→ What to do
Could you copy exactly the lines below from the one with "春欄　マーカー引き　最後のページ名前書いてあります" to the one with "Комбинезон для собаки средних размеров", inclusive, leaving out any pictures?

### Recorded data ###

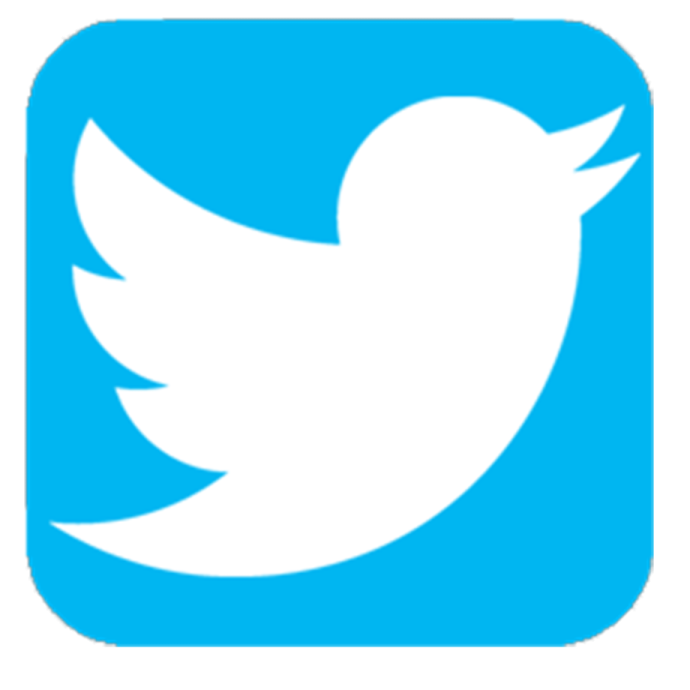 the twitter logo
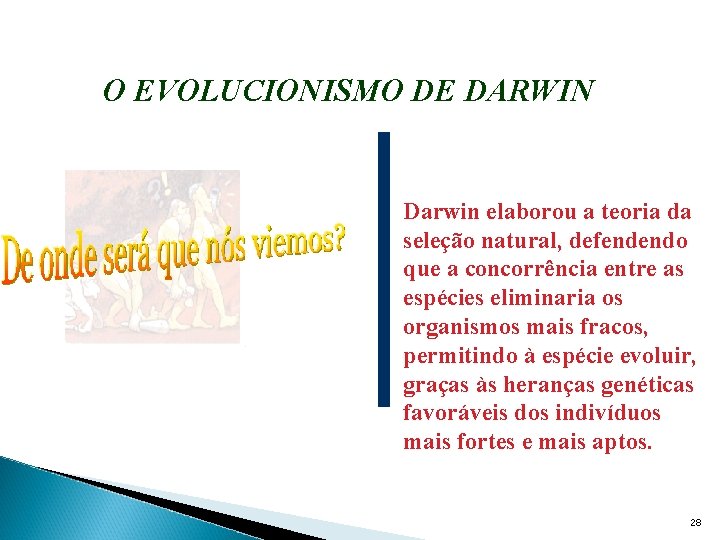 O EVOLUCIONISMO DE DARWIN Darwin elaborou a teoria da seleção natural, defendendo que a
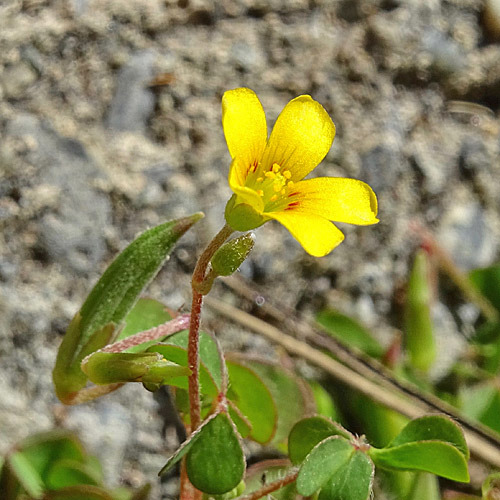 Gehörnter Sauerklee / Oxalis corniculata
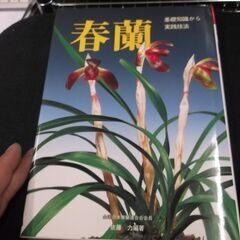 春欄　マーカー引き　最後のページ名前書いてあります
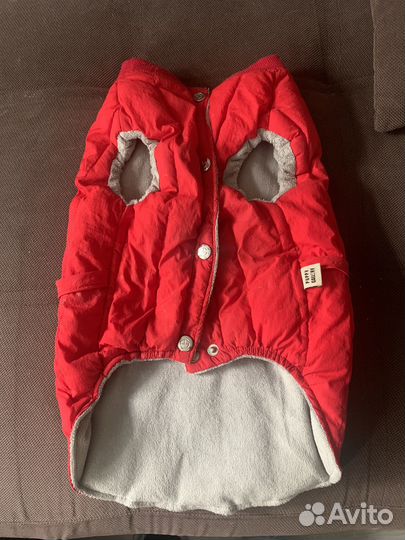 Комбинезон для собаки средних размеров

###
### Recorded data ###

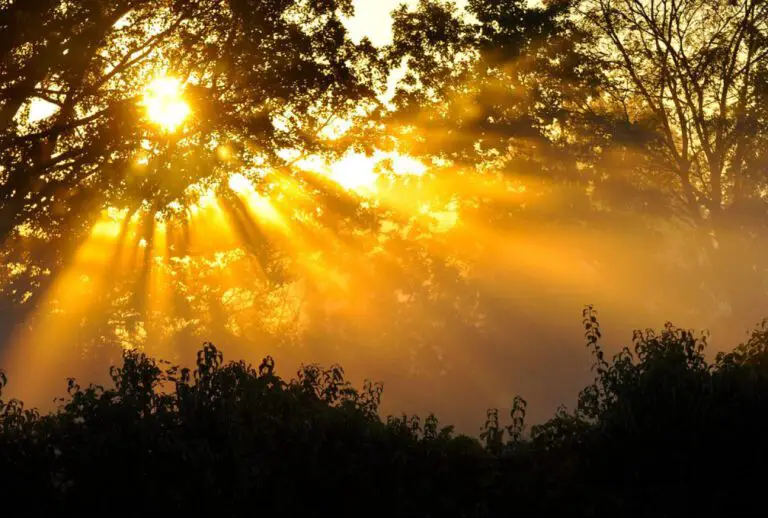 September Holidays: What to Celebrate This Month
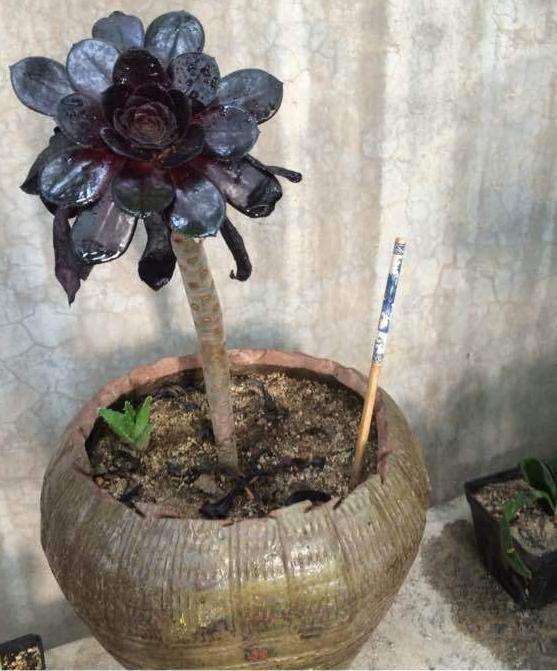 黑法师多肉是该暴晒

###
### Recorded data ###

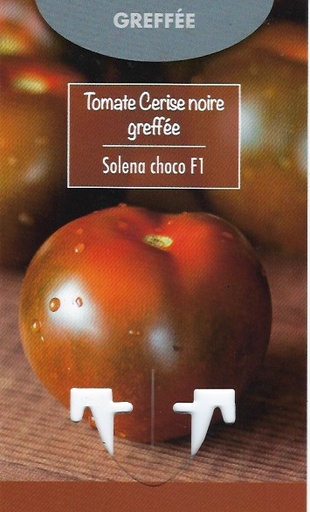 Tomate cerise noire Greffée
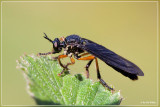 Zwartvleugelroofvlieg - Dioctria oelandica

###

→ Exercise response
 春欄　マーカー引き　最後のページ名前書いてあります
 Комбинезон для собаки средних размеров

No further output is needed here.